Directions:
Make an exact copy of the entries below with the pictures removed.
*** Source records
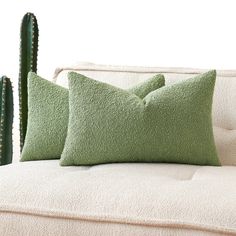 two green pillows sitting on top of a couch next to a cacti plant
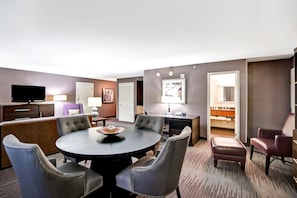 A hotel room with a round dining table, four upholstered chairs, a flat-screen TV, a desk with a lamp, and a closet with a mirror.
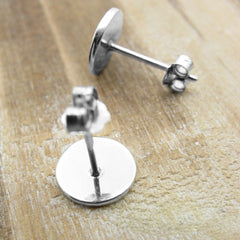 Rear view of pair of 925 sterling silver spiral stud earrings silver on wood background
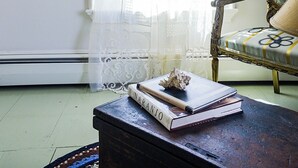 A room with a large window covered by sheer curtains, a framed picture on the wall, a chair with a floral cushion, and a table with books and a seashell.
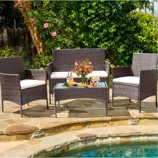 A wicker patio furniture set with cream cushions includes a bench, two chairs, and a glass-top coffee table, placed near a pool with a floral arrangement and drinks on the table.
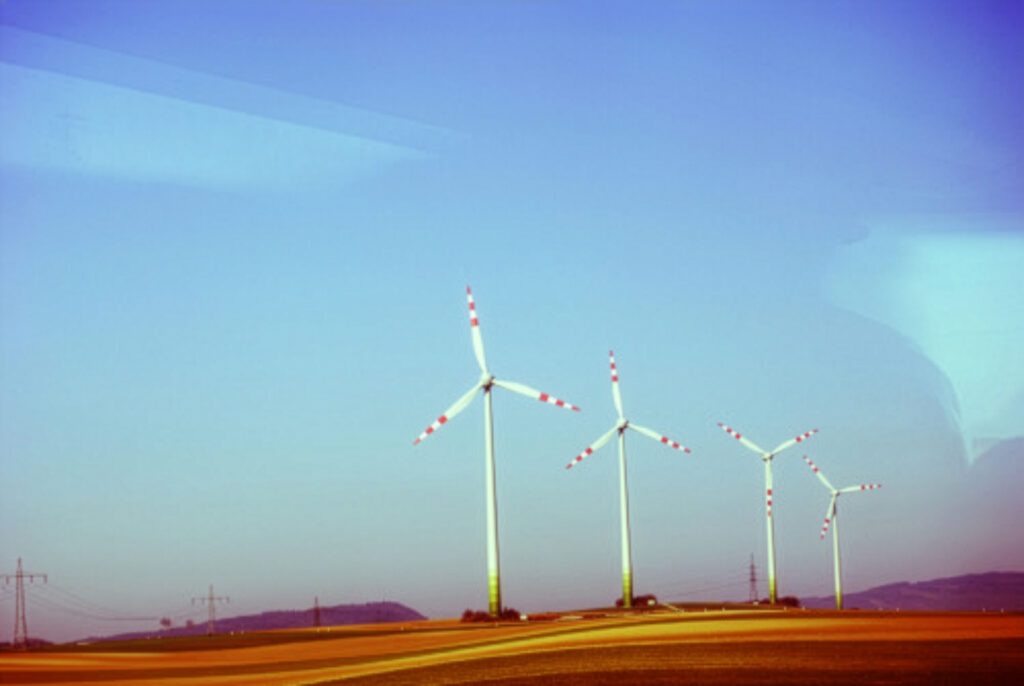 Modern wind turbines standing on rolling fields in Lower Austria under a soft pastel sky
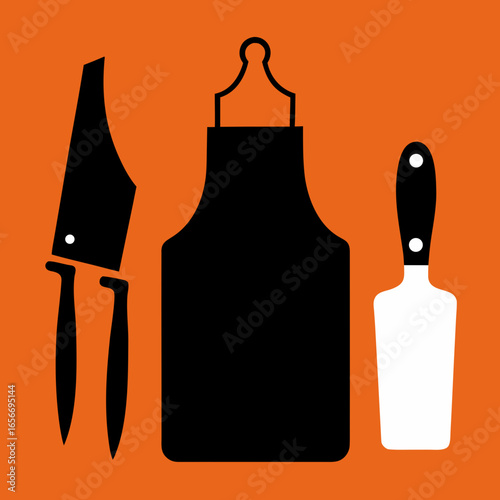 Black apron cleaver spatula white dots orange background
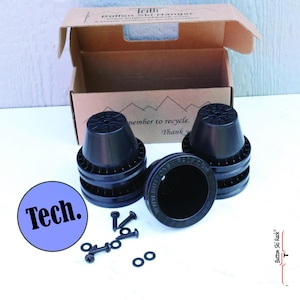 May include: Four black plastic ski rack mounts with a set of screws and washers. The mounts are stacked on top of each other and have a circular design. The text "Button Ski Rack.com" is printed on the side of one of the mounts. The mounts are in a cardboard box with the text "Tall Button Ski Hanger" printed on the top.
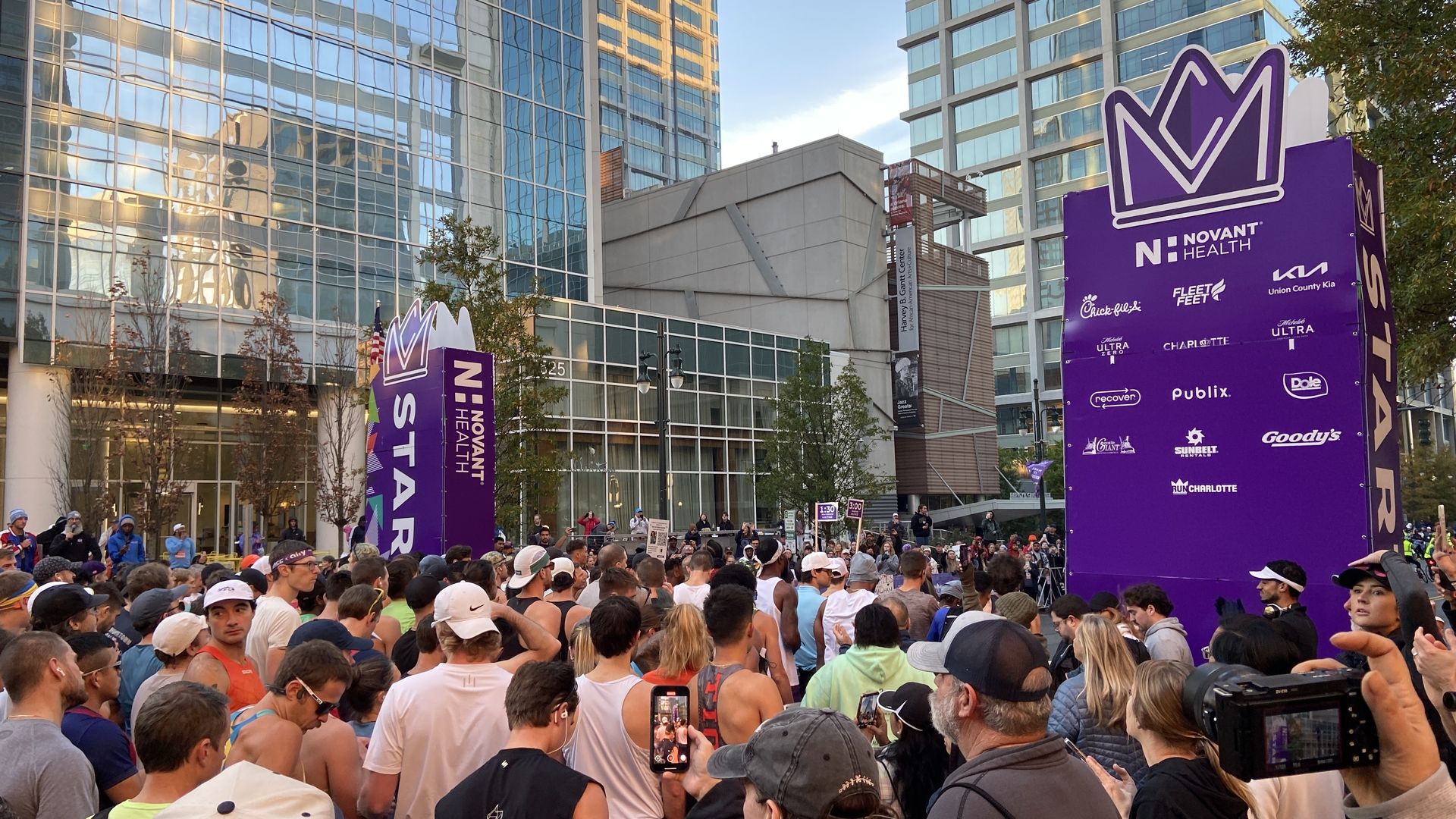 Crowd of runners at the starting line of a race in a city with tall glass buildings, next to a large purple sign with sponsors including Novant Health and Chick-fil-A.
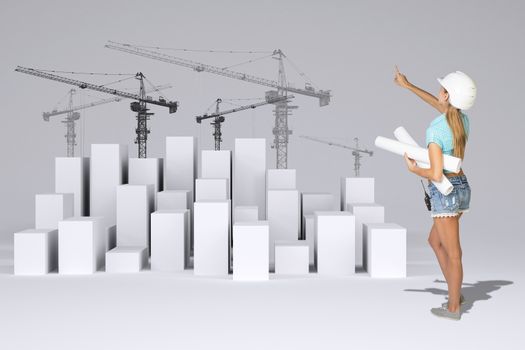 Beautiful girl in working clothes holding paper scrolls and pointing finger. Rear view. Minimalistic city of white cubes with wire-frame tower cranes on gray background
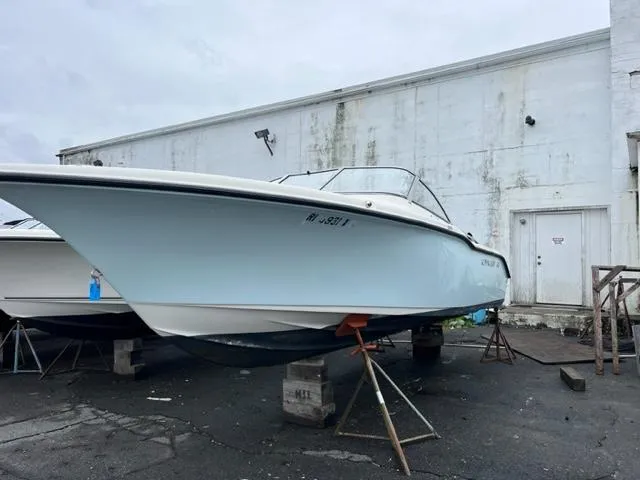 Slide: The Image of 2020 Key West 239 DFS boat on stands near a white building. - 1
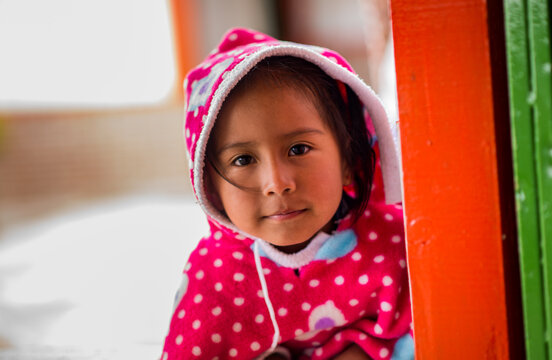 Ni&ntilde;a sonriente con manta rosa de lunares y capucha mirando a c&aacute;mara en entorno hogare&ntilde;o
******
Problem solution:
 two green pillows sitting on top of a couch next to a cacti plant
 A hotel room with a round dining table, four upholstered chairs, a flat-screen TV, a desk with a lamp, and a closet with a mirror.
 Rear view of pair of 925 sterling silver spiral stud earrings silver on wood background
 A room with a large window covered by sheer curtains, a framed picture on the wall, a chair with a floral cushion, and a table with books and a seashell.
 A wicker patio furniture set with cream cushions includes a bench, two chairs, and a glass-top coffee table, placed near a pool with a floral arrangement and drinks on the table.
 Modern wind turbines standing on rolling fields in Lower Austria under a soft pastel sky
 Black apron cleaver spatula white dots orange background
 May include: Four black plastic ski rack mounts with a set of screws and washers. The mounts are stacked on top of each other and have a circular design. The text "Button Ski Rack.com" is printed on the side of one of the mounts. The mounts are in a cardboard box with the text "Tall Button Ski Hanger" printed on the top.
 Crowd of runners at the starting line of a race in a city with tall glass buildings, next to a large purple sign with sponsors including Novant Health and Chick-fil-A.
 Beautiful girl in working clothes holding paper scrolls and pointing finger. Rear view. Minimalistic city of white cubes with wire-frame tower cranes on gray background
 Slide: The Image of 2020 Key West 239 DFS boat on stands near a white building. - 1
 Ni&ntilde;a sonriente con manta rosa de lunares y capucha mirando a c&aacute;mara en entorno hogare&ntilde;o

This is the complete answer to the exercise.